I’ve been trialling this word for a while now: brewurism. It’s a clever portmanteau of ‘brewing’ and ‘tourism’.
For too long Wellington has been the poor cousin of the Wairarapa when it comes to alcohol-based tourism. But now our new crop of inner-city breweries and cellar doors are pulling in visitors who have been drinking Wellington beers around the country, and in some cases around the world, and want to see the source.
There is something to be said for visiting a cellar door. You chat to the brewery workers and get glimpses behind the scenes. At breweries this is more exciting than at wineries. The sheer number of beers each brewery makes means that you are more likely to stumble upon a brewery in full beer-making mode.

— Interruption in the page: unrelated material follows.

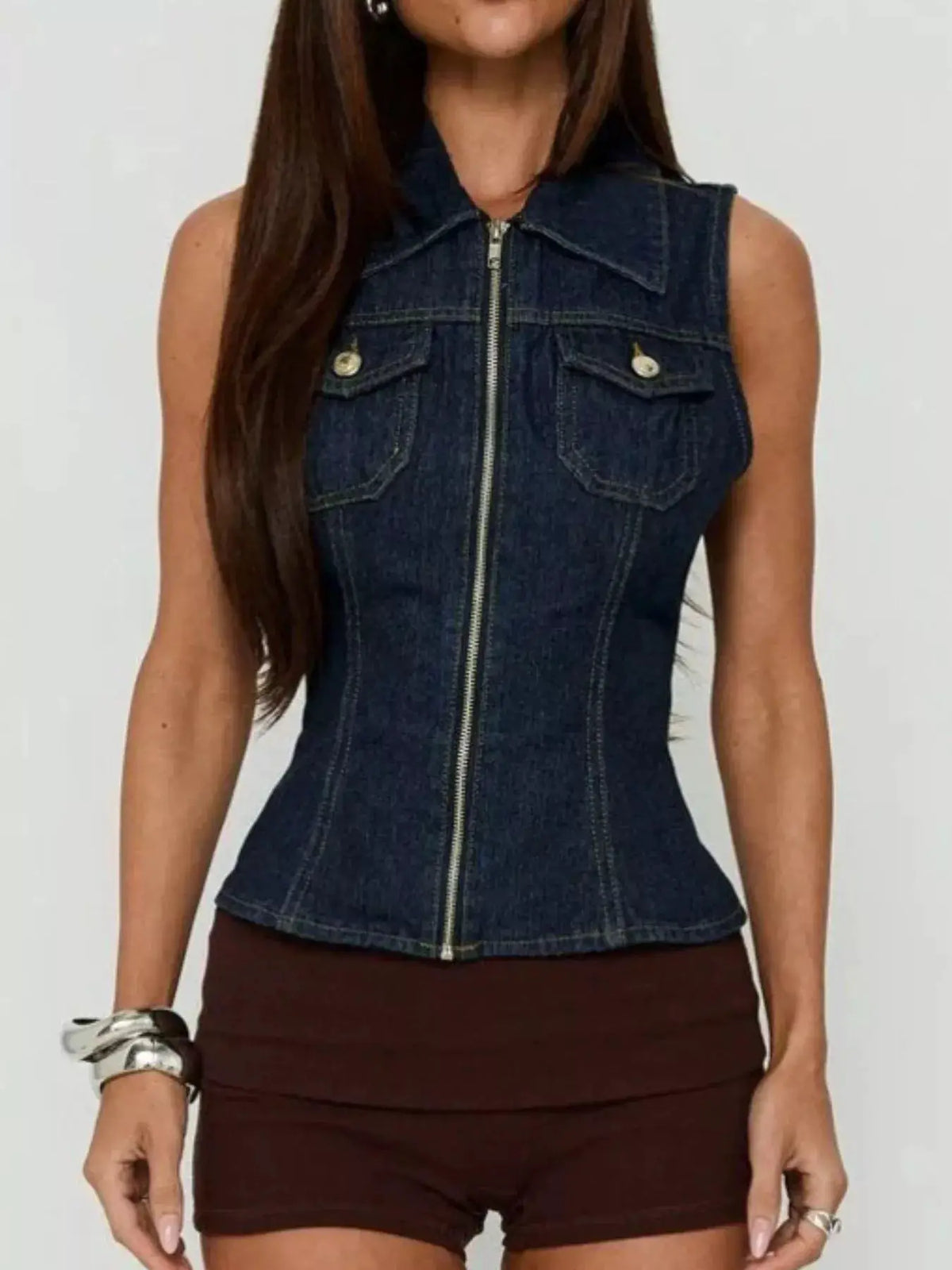 Sleeveless zip-up denim vest in dark blue with front pockets and flap details.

Even when there’s not steam and the wafting smell of boiling wort, brewing equipment fills the space as brewers tend to need loads of smaller tanks alongside their kettles, mash tuns and bottling (or canning) lines, leaving them looking like a steampunk’s dream!

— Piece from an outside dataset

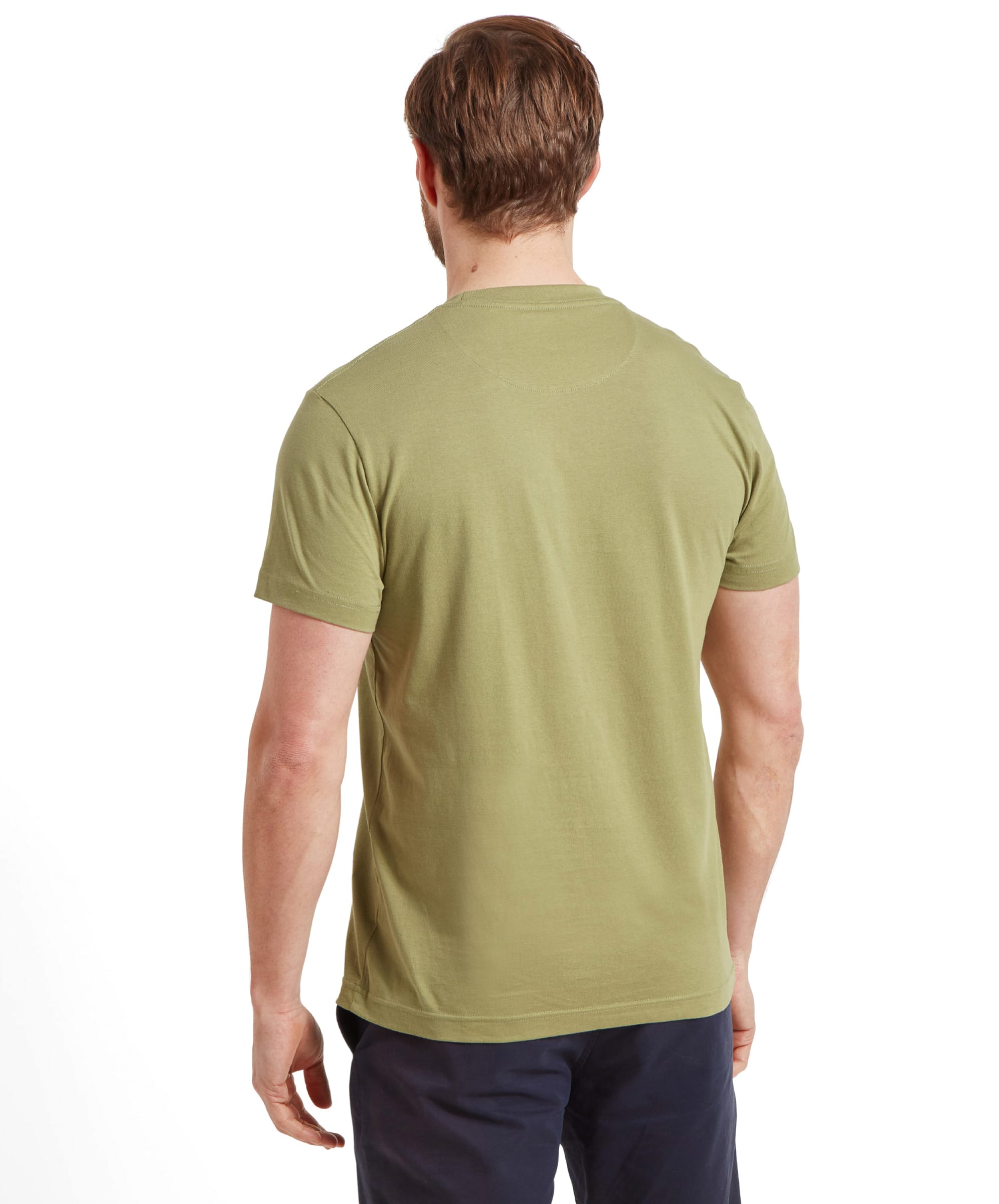 The back view of the man, highlighting the plain back of the Schöffel Trevone T-Shirt for Men in Olive Green and the fit of the navy shorts. The T-shirt fits snugly around the shoulders and upper back.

Craft Beer College have been running their beer seminars and tastings for a few years now, educating the locals and raising their beer IQ. Recently, Stephanie Coutts has expanded their enterprise beyond the tasting rooms at Hashigo Zake, and now Craft Beer College offers Wellington beer tours.
There are currently two walking tours on offer: Cuba and Courtenay. These tours offer punters a chance to see breweries as well as doing flights of tasters at various bars. Moreover, by adding bars to the tour, the cellar doors aren’t pressured to provide food (as they do at many wineries).
The “Cuba” tour takes in Garage Project, Rogue and Vagabond, Little Beer Quarter (for lunch), Fork & Brewer and, finally, Golding’s Free Dive; while “Courtenay” takes in ParrotDog, Black Dog, Basque (for lunch), Malthouse and Hashigo Zake. The first tour took place earlier this year but CBC will be holding a Courtenay tour in April (see craftbeercollege.co.nz for more info).
Venue bars are a big new thing too. Not the awful branded Boundary Road bars that seem to cover downtown Wellington like a rash, but bars like Tuatara’s new Third Eye. This heritage building on Karo Drive has now been converted into a bar and micro-brewery. While Tuatara beers are available all over, The Third Eye offers something different, with beers brewed on site that aren’t available elsewhere. Along with their brewery tours up the coast in Paraparaumu, Tuatara is at the forefront of brewurism.
These new attractions — alongside wonderful festivals like the Greater Wellington Brewday (held in late February-early March) and Hopstock (on during April) — are bringing more and more beer tourists, and tourists who are simply interested in drinking good beer, to our beer capital.